Av. Yeter: Tecrit savaş ve ekonomik krizdir
ÖHD’nin Eş Genel Başkanlığı’na seçilen Av. Ekin Yeter de, PKK Lideri Abdullah Öcalan üzerindeki tecridin kaldırılmasına dair taleplerin yasal, haklı ve meşru olduğunu vurgulayarak, hukuki mücadelelerini sürdüreceklerini belirtti.
MA’dan Mehmet Güleş’in haberine göre Ekin Yeter şunları söyledi:
“Tecrit kaldırılmalıdır ve bu aynı zamanda toplumsal bir taleptir. Çünkü Türkiye’de yaratılmak istenen kutuplaştırıcı dil, tekçi sistemin yaygınlaşması, Kürt halkına yönelik ötekileştirme, sömürgeleştirme, baskı, kimyasal silah ve imha politikaları savaş ve ekonomik krizin derinleştiriyor. Vatandaşların alım gücünün düşüyor ve yoksulluğa mahkum ediliyor. Tecridin kaldırılması yasal, haklı, meşru bir taleptir. Mevcut durumdan çıkmanın ön koşulu Sayın Abdullah Öcalan üzerindeki tecridin kaldırılmasıdır.

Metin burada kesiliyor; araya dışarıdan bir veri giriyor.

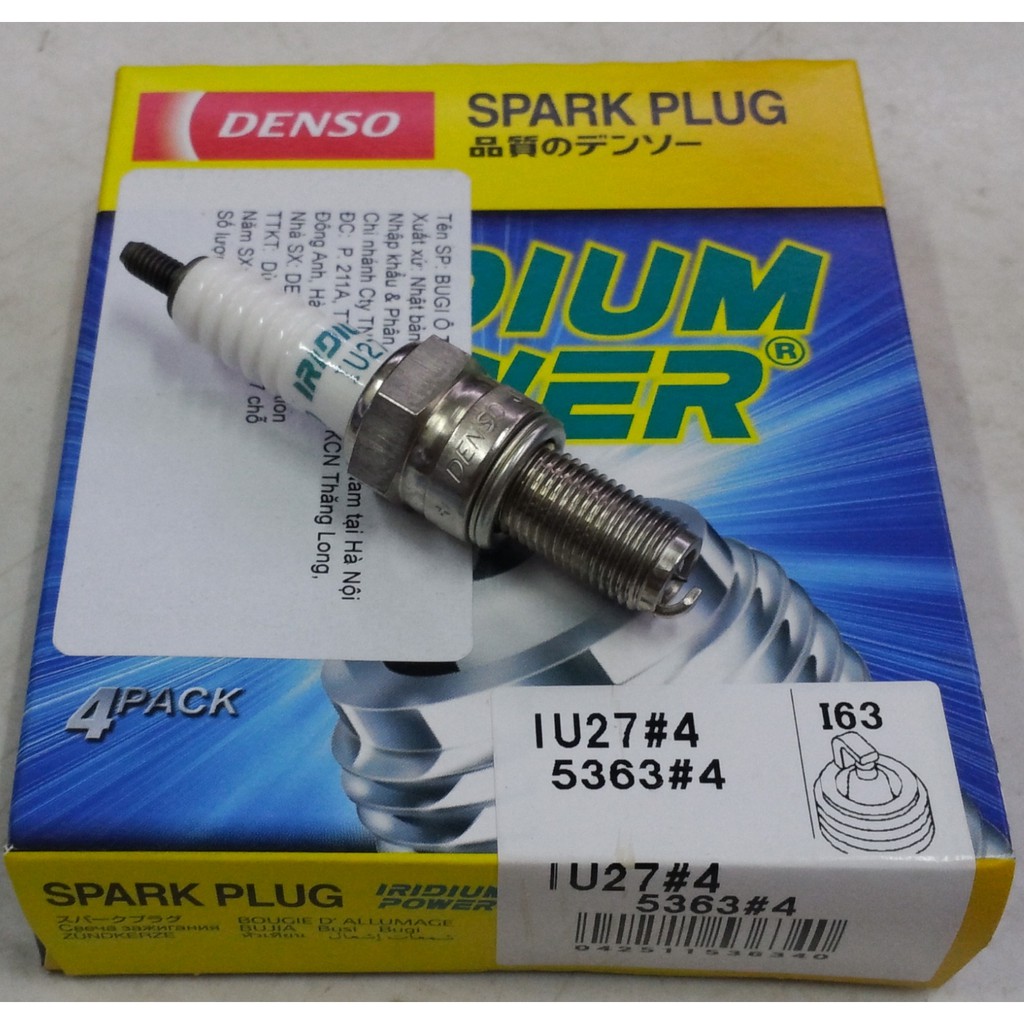 Chính hãng 100% - Bugi DENSO Iridium Power IU27 chân dài Winner Sonic CBR FZ150 Z1000 @125/150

Kongremizde bu mesaj net bir şekilde ortaya konuldu, mücadelemiz de sürüyor. Şubelerimiz bulunduğu yerden barolar üzerinden Adalet Bakanlığı’na başvurular yaptı. Ancak hala bu da cevap verilmiş değil. Tecridi kırmak için kurduğumuz koordinasyonla bu konuyu tartışarak hem yerelde hem de uluslararası alanda hukuki mücadelemizi devam ettireceğiz.”